# YOUR ASSIGNMENT
With the pictures removed, please write out every line below exactly as given.

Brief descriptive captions
====================
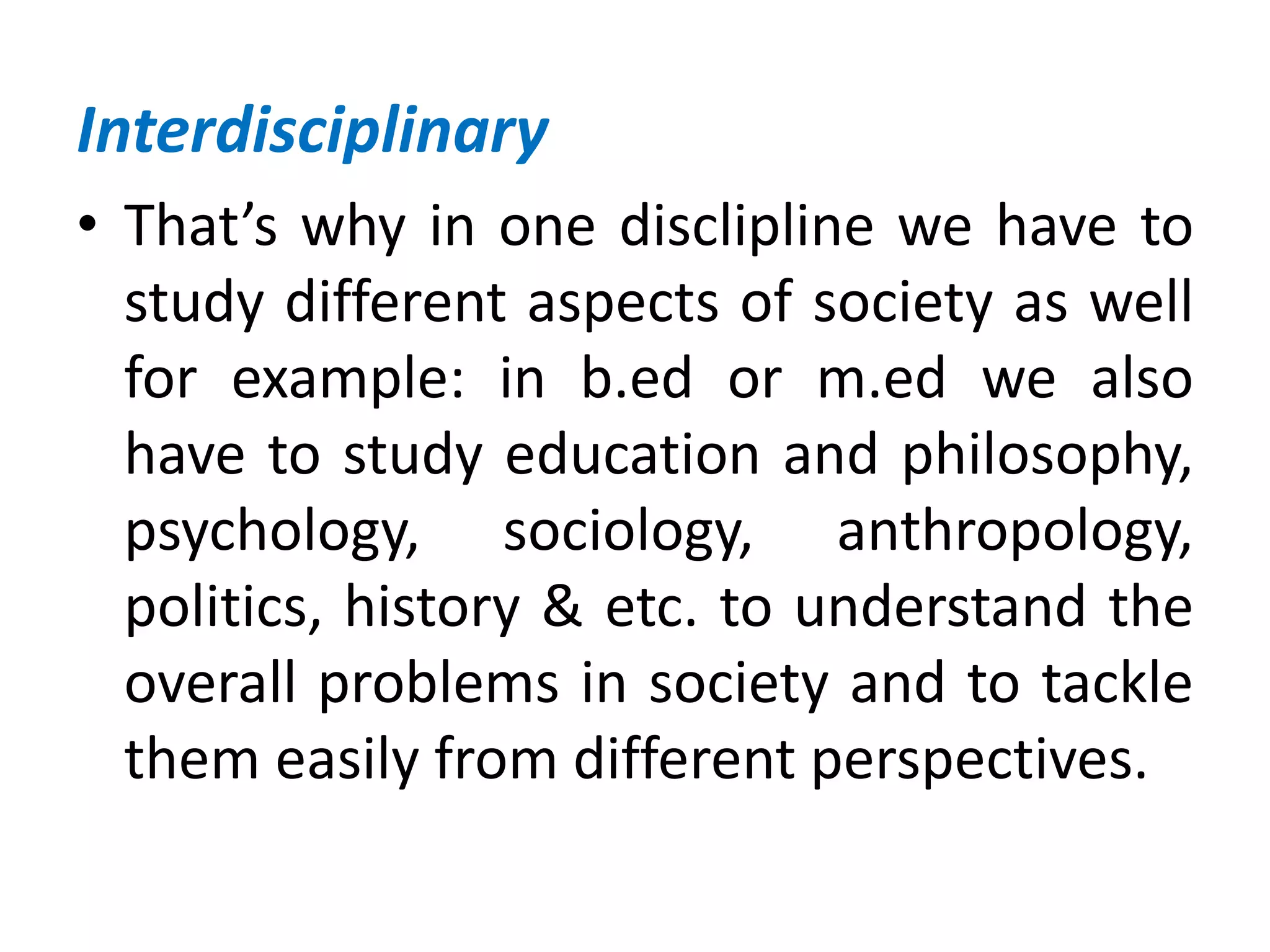 Interdisciplinary
• That’s why in one disclipline we have to
study different aspects of society as well
for example: in b.ed or m.ed we also
have to study education and philosophy,
psychology, sociology, anthropology,
politics, history & etc. to understand the
overall problems in society and to tackle
them easily from different perspectives.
====================
# WRITTEN ANSWER
 Interdisciplinary
• That’s why in one disclipline we have to
study different aspects of society as well
for example: in b.ed or m.ed we also
have to study education and philosophy,
psychology, sociology, anthropology,
politics, history & etc. to understand the
overall problems in society and to tackle
them easily from different perspectives.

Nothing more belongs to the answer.